Evermore as a body of work is extremely complex; it explores so many aspects of human emotion: longing, grief, closure, love. By far, evermore is one of the deepest and most self-reflective albums I have ever listened to, and it doesn’t get the attention or credit that it’s due. Her background in bubbly, mainstream pop has been used to overlook the complexities of her lyrics, and because evermore lacks this pop sound entirely, it has gone mostly unnoticed.
So, why is evermore better than folklore even though they are sister albums? It explores much deeper themes than that of folklore in a more realistic lens. folklore’s content is story-like, using fictional characters to explore all of the mellow parts of being human. Evermore, however, uses fiction much less, and reflects on human emotion in a melancholy way. As many Swifties have also pointed out, evermore explores the concepts in folklore from an older, more mature perspective. This thematic content is more rich, and comes with an understanding that life continues despite tragedy.

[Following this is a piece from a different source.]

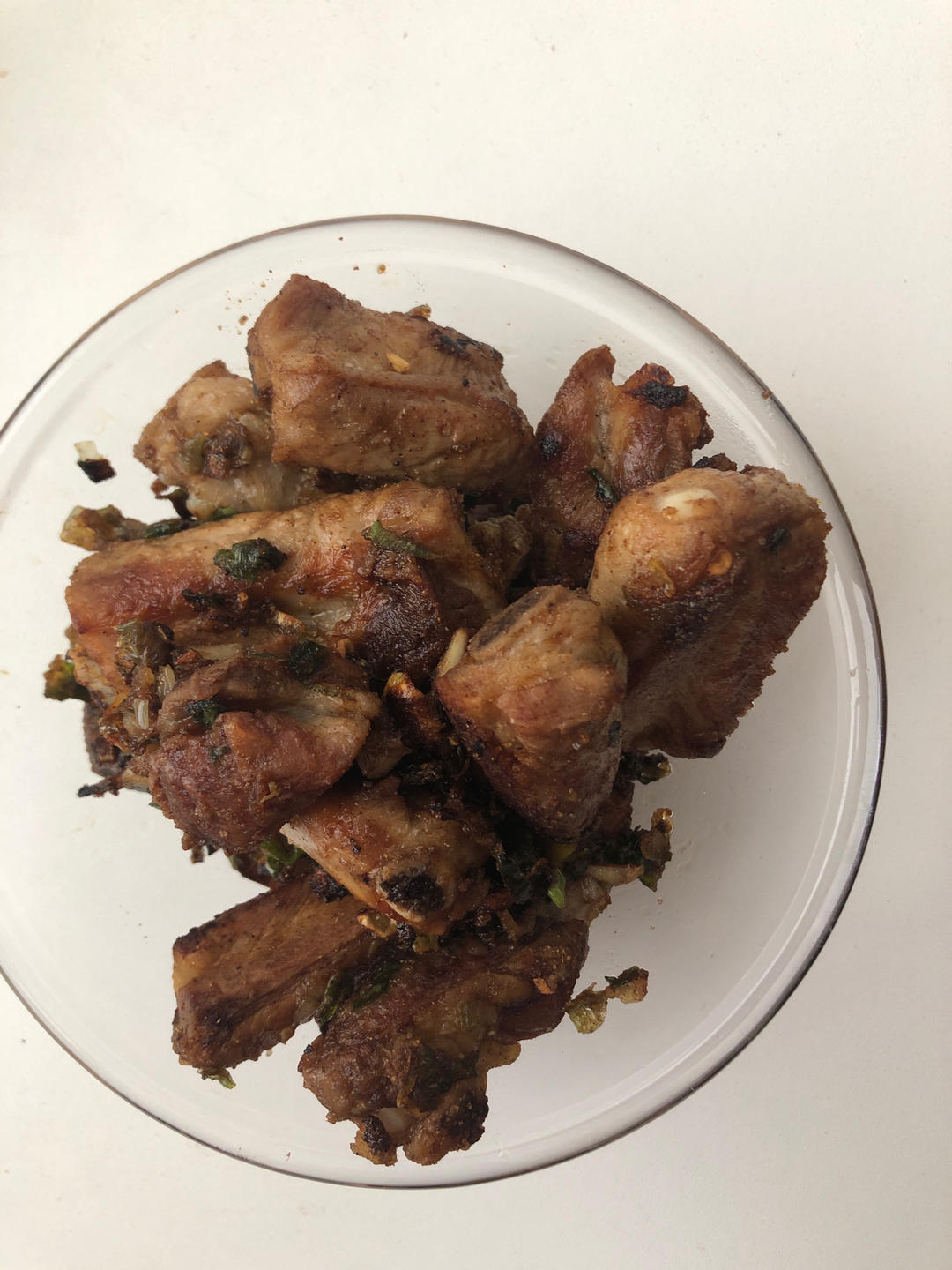 十三香排骨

If you care about lyrical and thematic content, evermore is by far Taylor’s superior body of work. The songs on evermore’s tracklist are extremely nuanced; Taylor’s lyricism is poetic and describes human emotion in a way that is raw and relatable. There’s such a variety of feeling in this album that isn’t represented as frequently in her other studio albums. When the songs on evermore engage in story-telling, it’s often more subtle than in her other albums. The song Ivy tells a story of infidelity and an affair in a way that is not as explicit, singing “my pain fits in the palm of your freezing hand, taking mine, but it’s been promised to another.” The affair isn’t at the center of the song, and is understood from the dissection of a few lyrics. Her relationship has been ruined by this affair and her pain only grows while she’s caught in between a decision to stay in her relationship or run away with her lover. There’s a lot more subtlety in the lyrics in evermore and the larger theme of its tracks is not explicitly sung, rather understood by analyzing lyrical content, which is emblematic of Swift’s lyrical capabilities.

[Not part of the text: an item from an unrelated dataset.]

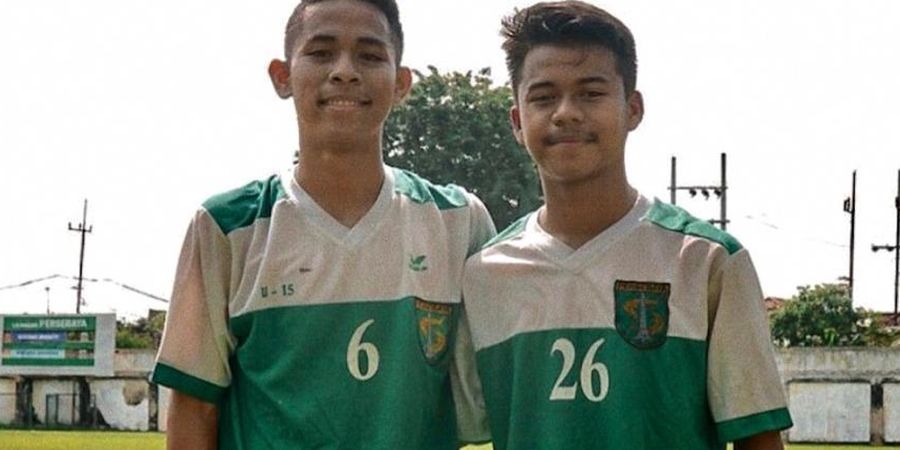 Dua Pemain Akademi Leganes Sudah Berlatih Bersama Persebaya U-16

A track like Marjorie follows the grief of losing someone, in this case, Taylor’s late grandmother, Marjorie. She sings that she “should have asked her questions,” and even though she “knows better” it’s like “what died didn’t stay dead” because she can feel her grandmother all around her. The song explores such a relatable and universal part of grieving. Regretting the experiences you didn’t get to have can overshadow the experiences that you did have, and how those have contributed to your growth as a person– growth that becomes a legacy for the person who is no longer around.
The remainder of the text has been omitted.